◆ YOUR INSTRUCTIONS:
Every word of the data must be reproduced in your reply exactly.

[Scraped caption text data]
[Start of section]

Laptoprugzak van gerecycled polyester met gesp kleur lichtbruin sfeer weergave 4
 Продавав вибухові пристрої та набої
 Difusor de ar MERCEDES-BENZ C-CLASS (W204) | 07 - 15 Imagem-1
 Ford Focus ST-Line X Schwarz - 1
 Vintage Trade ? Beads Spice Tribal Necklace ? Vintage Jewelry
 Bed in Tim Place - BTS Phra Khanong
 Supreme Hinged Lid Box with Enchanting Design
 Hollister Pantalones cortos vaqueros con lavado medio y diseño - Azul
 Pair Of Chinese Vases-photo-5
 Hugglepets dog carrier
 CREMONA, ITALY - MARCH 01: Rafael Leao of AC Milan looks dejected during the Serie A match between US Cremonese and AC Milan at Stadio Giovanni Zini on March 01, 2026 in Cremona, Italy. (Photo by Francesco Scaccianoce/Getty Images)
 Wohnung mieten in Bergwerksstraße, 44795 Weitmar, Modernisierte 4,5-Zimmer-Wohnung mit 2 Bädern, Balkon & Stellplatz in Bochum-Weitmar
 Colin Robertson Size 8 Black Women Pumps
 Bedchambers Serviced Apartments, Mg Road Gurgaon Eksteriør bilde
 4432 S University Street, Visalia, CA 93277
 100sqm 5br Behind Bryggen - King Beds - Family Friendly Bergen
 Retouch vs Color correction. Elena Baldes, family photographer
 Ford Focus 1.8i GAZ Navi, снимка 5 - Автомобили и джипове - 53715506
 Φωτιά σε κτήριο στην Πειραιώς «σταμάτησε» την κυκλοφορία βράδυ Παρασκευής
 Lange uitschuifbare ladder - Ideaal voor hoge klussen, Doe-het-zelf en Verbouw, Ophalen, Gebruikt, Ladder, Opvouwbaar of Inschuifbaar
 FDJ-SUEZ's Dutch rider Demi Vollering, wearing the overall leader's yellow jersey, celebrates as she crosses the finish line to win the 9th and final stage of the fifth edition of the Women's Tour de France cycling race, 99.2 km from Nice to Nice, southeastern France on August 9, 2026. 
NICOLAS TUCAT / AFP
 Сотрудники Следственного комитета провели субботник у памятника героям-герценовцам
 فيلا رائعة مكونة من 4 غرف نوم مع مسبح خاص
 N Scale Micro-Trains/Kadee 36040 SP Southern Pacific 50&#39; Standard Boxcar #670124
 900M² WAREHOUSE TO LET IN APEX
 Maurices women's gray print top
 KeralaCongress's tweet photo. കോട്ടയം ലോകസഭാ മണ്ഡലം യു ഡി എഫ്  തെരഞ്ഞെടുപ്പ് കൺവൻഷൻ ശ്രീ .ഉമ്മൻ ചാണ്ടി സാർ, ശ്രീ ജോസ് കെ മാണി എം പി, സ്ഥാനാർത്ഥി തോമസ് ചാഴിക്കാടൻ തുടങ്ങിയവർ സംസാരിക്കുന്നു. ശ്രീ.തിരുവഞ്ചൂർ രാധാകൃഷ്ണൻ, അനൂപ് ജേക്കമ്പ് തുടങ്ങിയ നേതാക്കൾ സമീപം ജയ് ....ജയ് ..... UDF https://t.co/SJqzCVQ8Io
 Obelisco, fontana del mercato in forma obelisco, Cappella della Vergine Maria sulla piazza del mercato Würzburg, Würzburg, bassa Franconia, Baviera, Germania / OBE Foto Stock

[End of section]

◆ FINAL ANSWER:
Laptoprugzak van gerecycled polyester met gesp kleur lichtbruin sfeer weergave 4
 Продавав вибухові пристрої та набої
 Difusor de ar MERCEDES-BENZ C-CLASS (W204) | 07 - 15 Imagem-1
 Ford Focus ST-Line X Schwarz - 1
 Vintage Trade ? Beads Spice Tribal Necklace ? Vintage Jewelry
 Bed in Tim Place - BTS Phra Khanong
 Supreme Hinged Lid Box with Enchanting Design
 Hollister Pantalones cortos vaqueros con lavado medio y diseño - Azul
 Pair Of Chinese Vases-photo-5
 Hugglepets dog carrier
 CREMONA, ITALY - MARCH 01: Rafael Leao of AC Milan looks dejected during the Serie A match between US Cremonese and AC Milan at Stadio Giovanni Zini on March 01, 2026 in Cremona, Italy. (Photo by Francesco Scaccianoce/Getty Images)
 Wohnung mieten in Bergwerksstraße, 44795 Weitmar, Modernisierte 4,5-Zimmer-Wohnung mit 2 Bädern, Balkon & Stellplatz in Bochum-Weitmar
 Colin Robertson Size 8 Black Women Pumps
 Bedchambers Serviced Apartments, Mg Road Gurgaon Eksteriør bilde
 4432 S University Street, Visalia, CA 93277
 100sqm 5br Behind Bryggen - King Beds - Family Friendly Bergen
 Retouch vs Color correction. Elena Baldes, family photographer
 Ford Focus 1.8i GAZ Navi, снимка 5 - Автомобили и джипове - 53715506
 Φωτιά σε κτήριο στην Πειραιώς «σταμάτησε» την κυκλοφορία βράδυ Παρασκευής
 Lange uitschuifbare ladder - Ideaal voor hoge klussen, Doe-het-zelf en Verbouw, Ophalen, Gebruikt, Ladder, Opvouwbaar of Inschuifbaar
 FDJ-SUEZ's Dutch rider Demi Vollering, wearing the overall leader's yellow jersey, celebrates as she crosses the finish line to win the 9th and final stage of the fifth edition of the Women's Tour de France cycling race, 99.2 km from Nice to Nice, southeastern France on August 9, 2026. 
NICOLAS TUCAT / AFP
 Сотрудники Следственного комитета провели субботник у памятника героям-герценовцам
 فيلا رائعة مكونة من 4 غرف نوم مع مسبح خاص
 N Scale Micro-Trains/Kadee 36040 SP Southern Pacific 50&#39; Standard Boxcar #670124
 900M² WAREHOUSE TO LET IN APEX
 Maurices women's gray print top
 KeralaCongress's tweet photo. കോട്ടയം ലോകസഭാ മണ്ഡലം യു ഡി എഫ്  തെരഞ്ഞെടുപ്പ് കൺവൻഷൻ ശ്രീ .ഉമ്മൻ ചാണ്ടി സാർ, ശ്രീ ജോസ് കെ മാണി എം പി, സ്ഥാനാർത്ഥി തോമസ് ചാഴിക്കാടൻ തുടങ്ങിയവർ സംസാരിക്കുന്നു. ശ്രീ.തിരുവഞ്ചൂർ രാധാകൃഷ്ണൻ, അനൂപ് ജേക്കമ്പ് തുടങ്ങിയ നേതാക്കൾ സമീപം ജയ് ....ജയ് ..... UDF https://t.co/SJqzCVQ8Io
 Obelisco, fontana del mercato in forma obelisco, Cappella della Vergine Maria sulla piazza del mercato Würzburg, Würzburg, bassa Franconia, Baviera, Germania / OBE Foto Stock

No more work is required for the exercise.